Storing and sharing large volumes of data across geographically separated locations is a difficult problem several different communities face today. The primary challenge is to cut across organizations, private firms, hospitals, and universities in a transparent, distributed, and secure fashion, utilizing the collective bandwidth of the network efficiently, while also providing easy access. Starting from hospitals that deal with large amounts of sensitive patient data (security), to groups requiring billions of small files (metadata), to petabytes of high energy physics data (volume), different sets of storage and access mechanisms are required.
To address this problem, the Advanced Computing Center for Research and Education (ACCRE) at Vanderbilt is developing a flexible storage framework called Logistical Storage (L-Store). L-Store is conceptually designed as a complete virtual file system. Designing a file system distributed over the WAN necessitates a rethinking of the traditional file system components to incorporate the more varied quality of service (QoS) issues that arise in the distributed environment. Below are listed several of the most prominent issues. How L-Store addresses these issues is the focus of the rest of this section
Availability. Is the service available for use? If a portion of the network goes down it shouldn’t take the whole file system with it.
Data and metadata integrity. Guarantees need to be in place insuring the data sent from the client and what is stored are the same. End-to-end conditioning is required.

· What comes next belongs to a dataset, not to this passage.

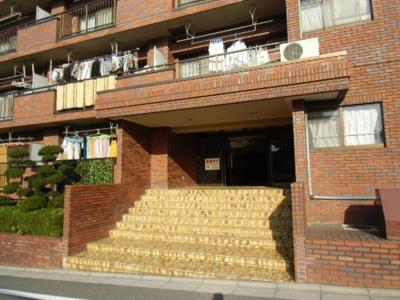 【エントランス】 | 三高・サンプラザ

Performance in both metadata (transactions/s) and data transfer(MB/s). Each community has a different blend of theses performance measurements. In the High Energy Physics community a task typically works with a few large (100MB-1GB) files but in the Proteomics world it is vastly different. Their typical data set is comprised of tens of thousands of very small (less than 1K) files. One should be able to tune the L-Store system based on the communities needs.

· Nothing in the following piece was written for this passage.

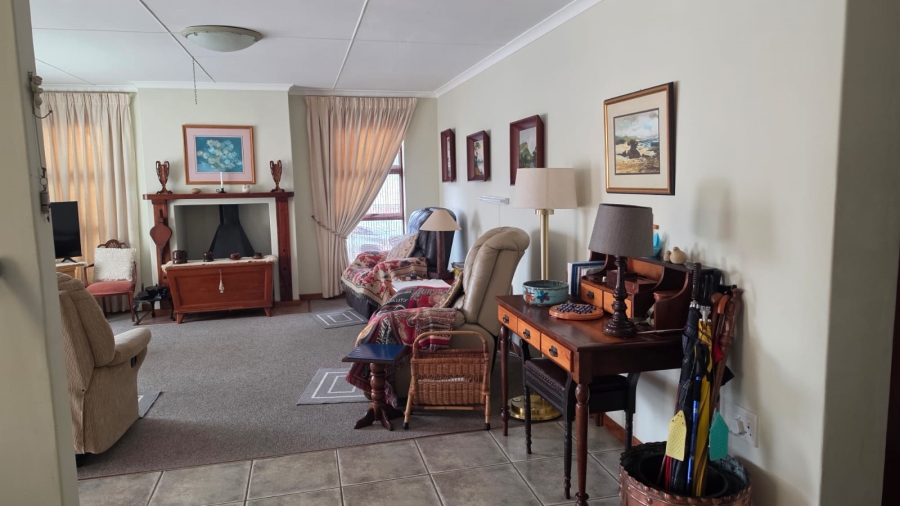 3 Bedroom Property for Sale in Stilbaai Wes Western Cape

Security of both metadata and raw data. In addition to normal role based authentication and authorization some of the metadata and data stored may need to be encrypted based on the community. LN supports transfer over an SSL encrypted socket and also AES encryption of the actual data before sending.

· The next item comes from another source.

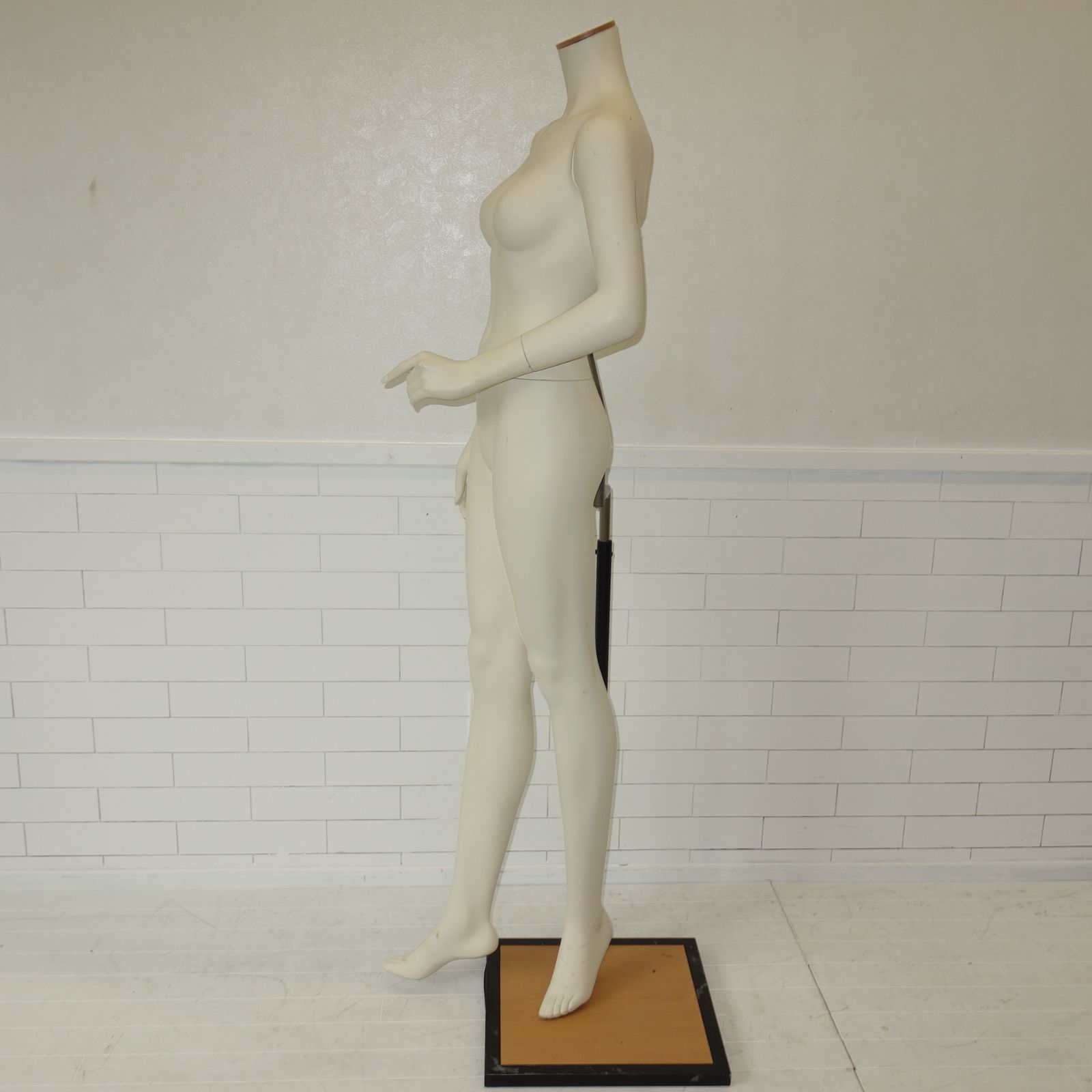 レディースマネキン 全身マネキン 腕付き アパレル 什器 リアルマネキン ホワイト 店舗 ９号 Ｓ136 MARWIL-DEMENAGEMENTS_CH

Fault tolerance of both metadata and data. One can use replication to provide redundancy for metadata losses but simple replication is inefficient and cost prohibitive for the data. L-Store breaks a file up into multiple blocks that are scattered out to the various storage devices on the WAN. As a result L-Store must be able to handle not just a simple drive failure but also an entire storage appliance. We go one step further and support multiple appliance failures.